Sensitive teeth: what can you do about this?

Tooth sensitivity is a problem that almost every patient faces. The most unpleasant thing about it is that you have to give up your favorite food or endure pain when your teeth react to hot or cold, light wind, sour or sweet.

Some people appear strong tooth sensitivity from childhood. In others, it occurs suddenly as a result of injuries, fillings, and someone begins to suffer from it over time. Be that as it may, this problem can always be fixed, which we will discuss further.

Sensitivity — what is it and why does it arise?

The very first thing to do is to clearly separate toothache and sensitivity. Since sometimes patients confuse what is tooth sensitivity and what is a toothache.

By the way, if you have a toothache during quarantine, you can read what to do in this case in the article at this link.

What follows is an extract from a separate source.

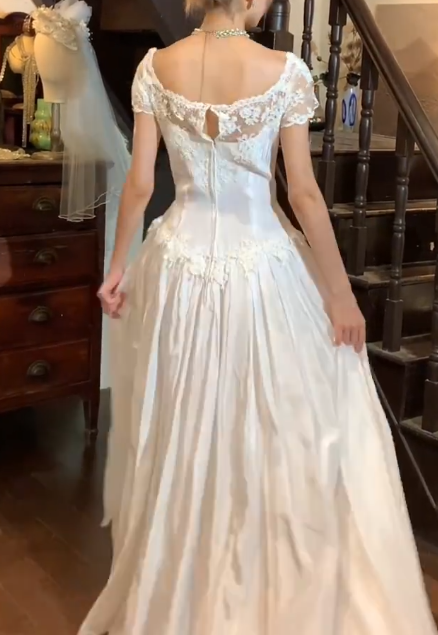 Vintage 90s Prom Dress A Line Square Neck Gala Gown Evening Dress Wedding Dress D5307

By itself, the sensitivity of the tooth (it is also enamel hyperesthesia) is a painful sensation that can occur as a result of exposure to irritants on the teeth, namely:

  • cold and hot drinks/food;
  • sweet or sour;
  • cold air inhaling and exhaling;
  • abrasive toothpaste;
  • hard toothbrush;
  • professional whitening.

In addition, hyperesthesia can be caused by teeth grinding, so if you have this habit, it is better to try to get rid of it. Otherwise, it will be more expensive.

A low sensitivity threshold can be another cause of this problem. Often, in such patients, cold is the main irritant.

Also, if your teeth sensitivity has sharply increased, then this may be an echo of trauma or indicate that, for example, you have caries. Tooth enamel protects dentin (the base of the tooth) by completely covering it since it contains many nerve endings that react sharply to any external factors. That is why, when our enamel suffers, the whole tooth suffers, and you feel unpleasant pain.

Over time, the sensitivity of the tooth can still manifest itself in the place of the cement-enamel junction. This is the gap where the enamel ends and the transition to the root of the tooth begins, usually, it is covered by the gum. But due to the anatomical features, as well as time — the gum can "move away" or "sag", as a result of which this gap with dentin is exposed, and you can feel a piercing pain in contact with it.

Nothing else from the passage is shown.